Il ricorso alle armi si accompagna sempre ad un uso smodato di parole:  insulti,  accuse e  menzogne, in altre parole  alla politica. Come mille altre volte in passato, anche questa volta è  successo; ci hanno mentito come solo i lestofanti, gli imbonitori  e i ciarlatani sanno fare: la Nato dichiara di non volere espandesi e poi ci prova con l’Ucraina, la Russia dice che si sente assediata e invece vuole ripristinare l’impero, Israele  ratifica di rispettare i confini e intanto manda i coloni a occupare nuovi territori, i terroristi islamici in nome della libertà  sono pronti a portare migliaia  dei loro fratelli ad una inutile morte. 

Insomma la prima vittima della guerra è la verità.

Sembra che siamo condannati a recitare  lo stesso copione e che dobbiamo sempre ripetere le parole di Jean Paul Sartre  “l’inferno sono gli altri”  (A Porte Chiuse). 

Da parte mia mi ostino a pensare che lo sguardo verso vincitori e vinti ci porta a provare pietà per entrambi e a null’altro. 

 “Nella Letteratura c’è il senso di tutto” diceva Borges, un’affermazione di cui mi sono ricordato rileggendo l’incontro fra Priamo, che chiede la restituzione del  corpo del figlio, e Achille. 

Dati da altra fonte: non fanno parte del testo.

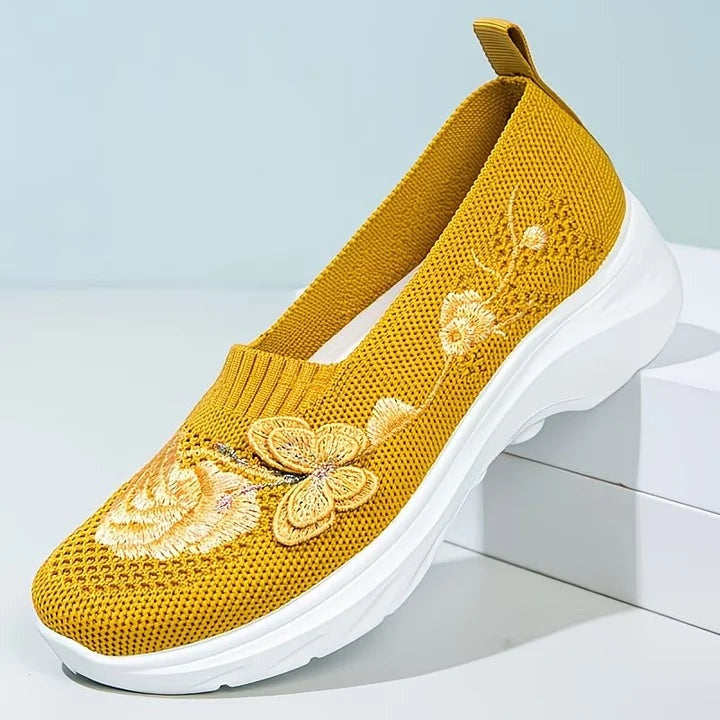 Fanni | Slip-On Cipő Hímzett Pillangós Női Kényelmes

Il vecchio re non appare come sopraffatto dalla forza del guerriero. Anzi, questo incontro ci parla del superamento della violenza bruta attraverso il dolore che accomuna i due protagonisti.

“...(Priamo) in Achille fece sorgere il desiderio di piangere per suo padre, prese il vecchio per mano e lo accostò dolcemente  a sé; tutti e due ricordavano… quando Achille fu sazio di lacrime…prese il vecchio per mano e lo fece alzare e compiangendo i capelli e la barba bianca del vecchio, si rivolse a lui con queste parole: infelice, quanta sventura hai patito nell’animo”. (IL.  XXIV, 507-518. trad. di MG Ciani).

Dunque è la comprensione emotiva che unisce i due personaggi: Priamo è reso fragile dai tanti lutti di cui Ettore è il più recente, mentre  Achille rivive la fragilità dell’infanzia di cui sente una profonda nostalgia. 

Alla fine del dialogo  fra i due scende un silenzio in cui non si odono più parole, rumori dell’accampamento e il clangore delle armi. Il mondo smette di respirare per un attimo in cui il lettore  assapora  l’eternità che solo le emozioni possono dare. 

Proprio su questo passo dovremmo soffermarci e riflettere, sperando finalmente  che le idee si schiariscano un po’ e che il copione che ci apprestiamo a recitare sia finalmente diverso, anche perché Omero questo copione  lo aveva già scritto secoli fa, ma a noi è ancora in gran parte sconosciuto.